À la suite d’un accident de voiture provoqué par son chauffeur dans un quartier populaire de Rome, un gamin est blessé, et Vera découvre alors une toute autre facette de la vie avec la famille de l’enfant, les différences de classe, les privilèges, les relations et les intérêts de ses nouveaux amis. Malgré les paroles de son chauffeur, qui sent l’arnaque, elle n’en tient pas compte et s’attache à la famille qui, lui semble-t-il, la sort du milieu factice dont elle a l’habitude. Cela lui apporte un nouveau sens à son existence, mais pour autant elle n’est pas dupe des obstacles qui l’attendent en nouant un nouveau contact, Et s’il y a arnaque, il n’était pas question pour Tizza Covi de dépeindre le père comme un personnage crapuleux : « Daniel est dans une situation très difficile ; il n’a presque pas d’argent, il doit s’occuper de son enfant et de sa mère, et il a perdu sa femme. Il cause du tort à quelqu’un parce qu’il suppose que les conséquences pour elle [pour Vera] ne seront pas trop graves. Nous lui avons également donné l’espace pour montrer qu’il est un père aimant. » Rainer Frimmel précise : « en fin de compte, il s’agit de l’argent qu’ils recherchent tous. Pour Daniel, le père du garçon au bras cassé, ses arnaques sont une stratégie de survie. »

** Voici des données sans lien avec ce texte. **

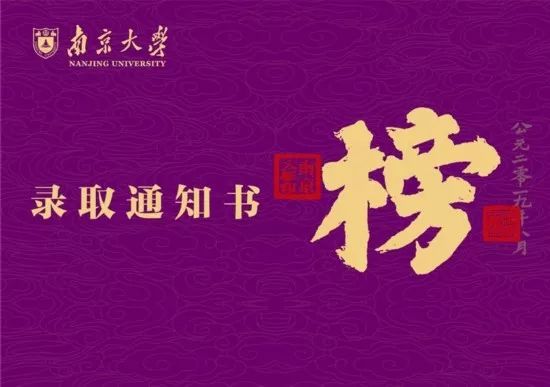 2019年高考，全国23名信息学选手获南大自主招生降分录取资格，人数比去年大幅增加！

Le jeu de Vera Gemma lui a valu le prix de la meilleure actrice au Festival de Venise et, grâce à cette écriture cinématographique originale, Tizza Covi et Rainer Frimmel attribuent à leur héroïne une identité digne et attachante.

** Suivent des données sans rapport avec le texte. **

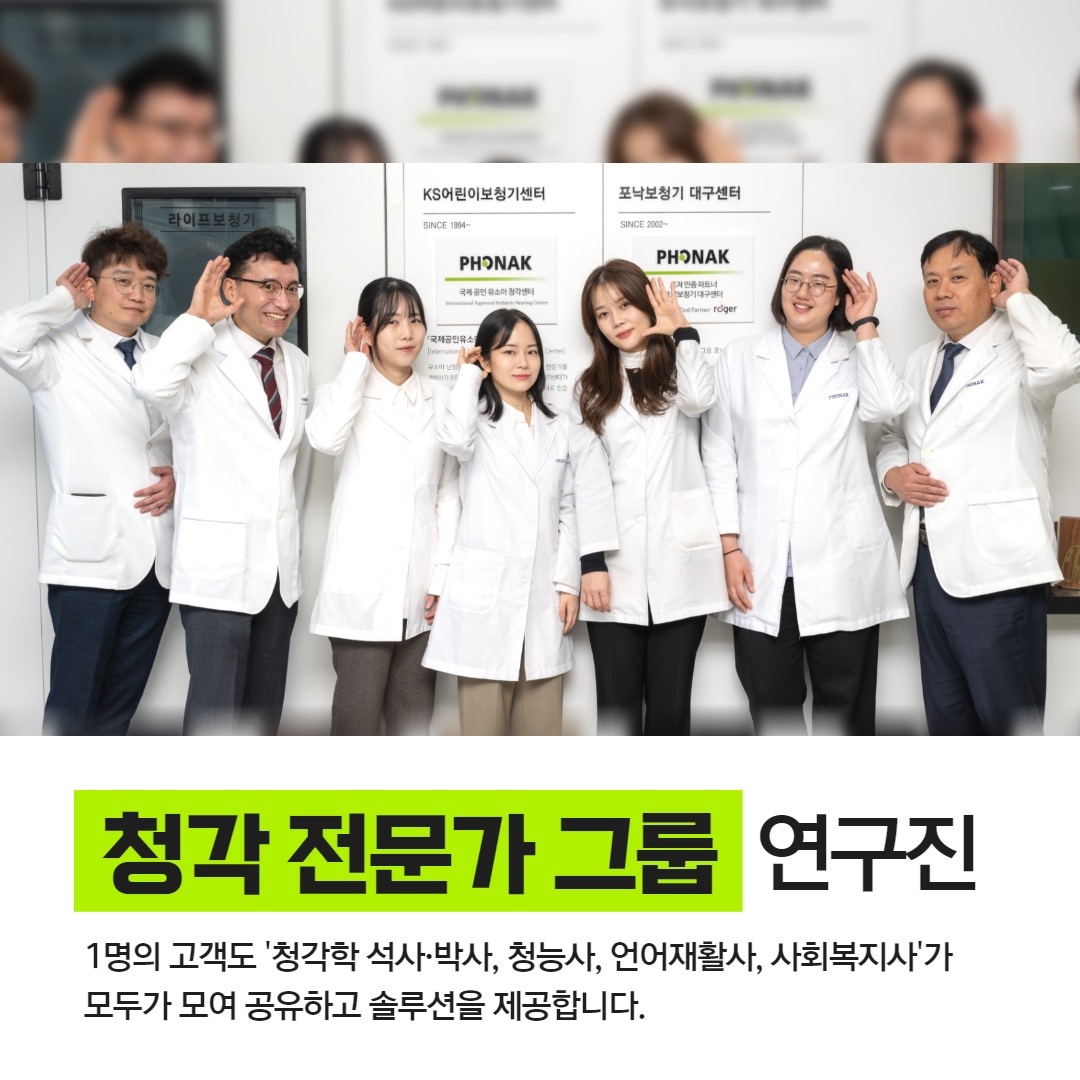 포낙보청기부산서면센터 picture 3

Vera de Tizza Covi et Rainer Frimmel est en salles le 23 août 2023.

Abdelinho
Film de Hicham Ayouch (16 août 2023)

Abdellah, surnommé Abdelinho en raison de sa passion pour le Brésil, vit dans une petite ville marocaine. Coincé entre une mère croyante quelque peu hystérique et un travail absurde dans une administration, il s’échappe d’un quotidien aliénant en donnant des cours de samba. De plus, il est amoureux de l’héroïne d’une télénovela brésilienne. C’est alors qu’arrive un prêcheur intégriste qui met rapidement au pas le village et interdit les cours de samba et même décide de mettre fin aux fantasmes brésiliens d’Abdelinho.

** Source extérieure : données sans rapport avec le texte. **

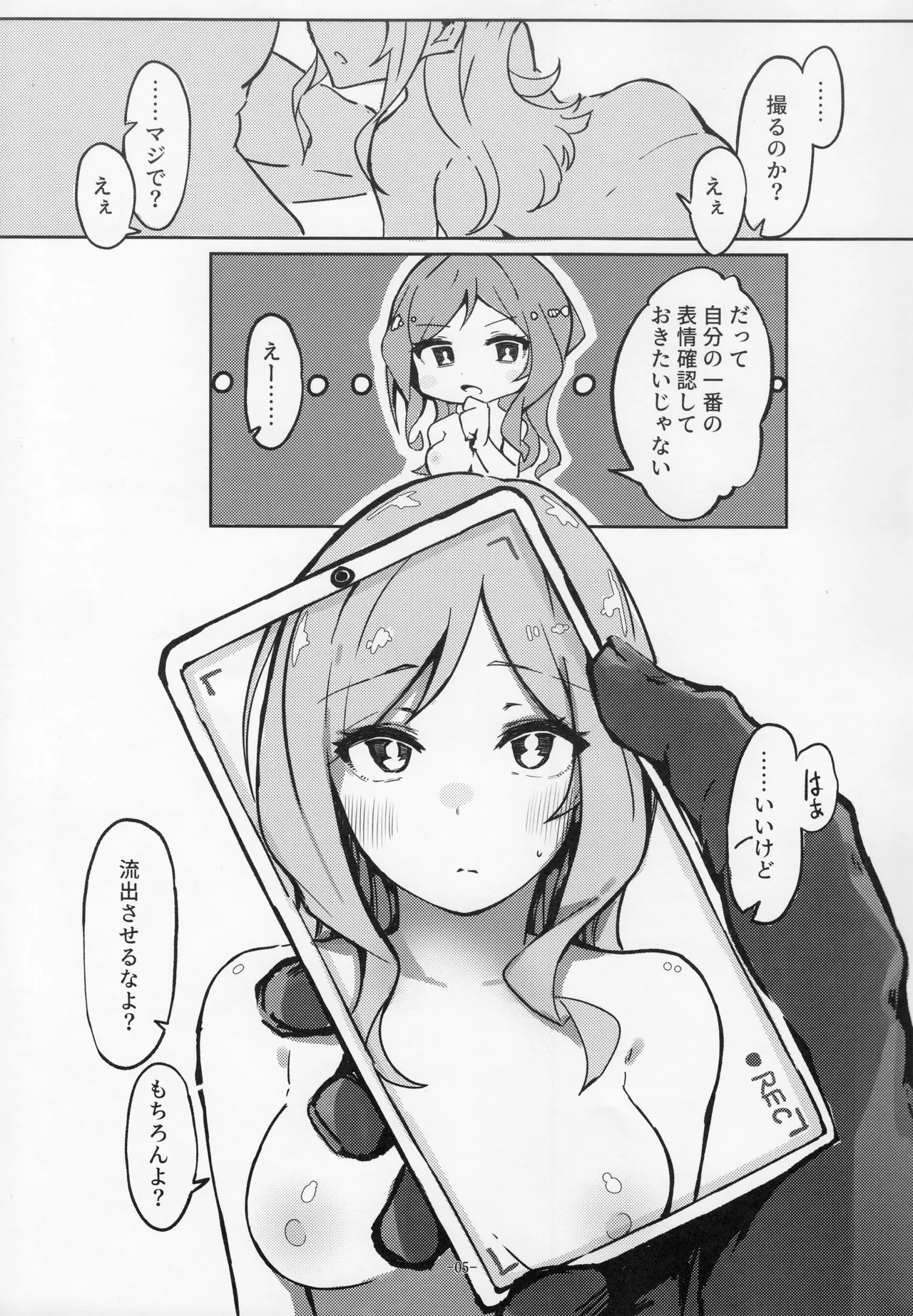 For Your Eyes Only page 4 full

Entre comédie, emprise idéologique et poésie, Abdelinho est une fable contemporaine. Comme l’indique Hicham Ayouch, « pour ce jeune homme habitant une petite ville du Maroc, le Brésil incarne la liberté, la joie, la danse et le corps, symbolisant ainsi une forme de transgression. Abdelinho représente cette jeunesse marocaine ouverte sur le monde et créative, en opposition à une frange plus conservatrice de la société. » Un pied de nez à toute forme d’intégrisme.
Abdelinho de Hicham Ayouch est sur les écrans depuis le 16 août 2023.